There are two sides to every argument, but if Julien can face scrutiny for the decisions he makes when it comes to players (shuffling lines, ice time, and, of course, his handling of Tyler Seguin), is anyone allowed to give him credit when he’s right?
He was right with his latest batch of moves. Julien shuffled the lines for Monday’s game against the Hurricanes, dropping Seguin to the third line and putting Campbell, a meat-and-potatoes center who has made a career out of work as a bottom-six center and penalty killer, on the second line with two of the team’s best goal-scorers in Brad Marchand and Jaromir Jagr. [He also exiled Rich Peverley to the fourth line, but that didn’t get as much attention because it didn’t involve Seguin.]
Both moves worked. The Campbell line was Boston’s best on the night with two goals from Marchand and a goal from Andrew Ference assisted by Campbell, and the line of the speedy Peverley between Jordan Caron and Shawn Thornton – strong players but longshots to participate in Olympic speed skating any time soon – scored two goals of their own. It all led to the Bruins scoring a season-high six goals, which is only kind of impressive because although they did it without their best forward (Patrice Bergeron), they also did it against a Hurricanes team that was apparently unfamiliar with the concept of wraparounds.
But back to Julien. There are enough fictitious straw man arguments about this guy to fill a [fill in the blank: let’s use four-hour radio show as an example]. While he’s certainly typecast in certain ways (how did Jay Pandolfo stay in the lineup as long as he did?) and he is certainly guilty of questionable moves (why try Seguin, an inexperienced NHL center, in the middle if the leash was going to be so short that the plug was pulled after three-plus periods?), the same things get repeated about Julien, with only a fraction of them being true or making sense.
We’ll start with the notion that Julien only picks on the young guys and gives the veterans a free pass. It’s a nice and shiny argument, but the only scenario in which it’s true is if Peverley and Shawn Thornton have been lying about their ages. Julien has made both of them healthy scratches this season. Peverley is 30 and Thornton is 35, and both players are very popular in the Bruins’ dressing room.
A cousin of that theory is the argument that Julien lets Milan Lucic and Nathan Horton do whatever they want without consequence. Subscribers to this belief will claim that the two power forwards can put on as many disappearing acts as they want and Julien won’t touch them. Wrong again. A slumping Lucic was demoted to the third line on March 25. Yes, that demotion lasted less than a game, but do you know why it did? Because Lucic responded. Lucic scored in the second period of that game before being reuinited with David Krejci and Nathan Horton to start the third.

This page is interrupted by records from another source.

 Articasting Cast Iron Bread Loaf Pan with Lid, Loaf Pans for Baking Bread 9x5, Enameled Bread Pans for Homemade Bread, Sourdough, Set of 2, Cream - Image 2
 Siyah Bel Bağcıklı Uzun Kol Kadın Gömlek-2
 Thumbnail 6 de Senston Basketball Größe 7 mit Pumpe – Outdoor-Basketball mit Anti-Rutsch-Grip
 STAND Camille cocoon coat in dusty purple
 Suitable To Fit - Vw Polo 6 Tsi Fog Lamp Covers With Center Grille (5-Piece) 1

If you think Horton’s getting a free pass, that isn’t true either. Julien gave Horton 15:02 of ice time Monday, which was seventh among Bruins’ forwards and his lowest total in 13 games. Horton scored in the third period, too, and now has five goals in his last seven games.
Then there’s Seguin, who gets his slaps on the wrist just like everybody else and deals with them just like everybody else. Yet when Lucic isn’t playing well, people want him benched (or traded; talk radio callers had a blast with that this year). When Seguin isn’t playing well, Julien gets flack for doing his job and taking action.
Why wasn’t Seguin on that dreadful 6-on-4 Saturday night in Montreal when he leads the team in shots on goal? Because he had no shots on goal that night. It wasn’t Julien picking on him or "bullying the kid." It was Julien trying to get something done with guys he was confident could do it.
Bruins fans and a lot of the media are gaga for Seguin. Fine. They have plenty of reason to be – he’s the most talented player on the Bruins. He’s also a big boy and can handle one game on the third line (Monday's game was the first of the season in which Seguin didn't start on one of the top two lined). He’ll bounce back from some subpar performances just like the other guys who have slumped have. If he doesn’t and he stays on the third line, that’s not on Julien.
Claude Julien is a lot of things. He’s a defensive-minded coach who will never believe in having one workhorse goalie. He’s a right-handed shot. He’s not necessarily a believer in pronouncing “Lucic” or “Khudobin” correctly. He’s also a smart guy who knows what he’s doing. It's OK to point that out every now and then.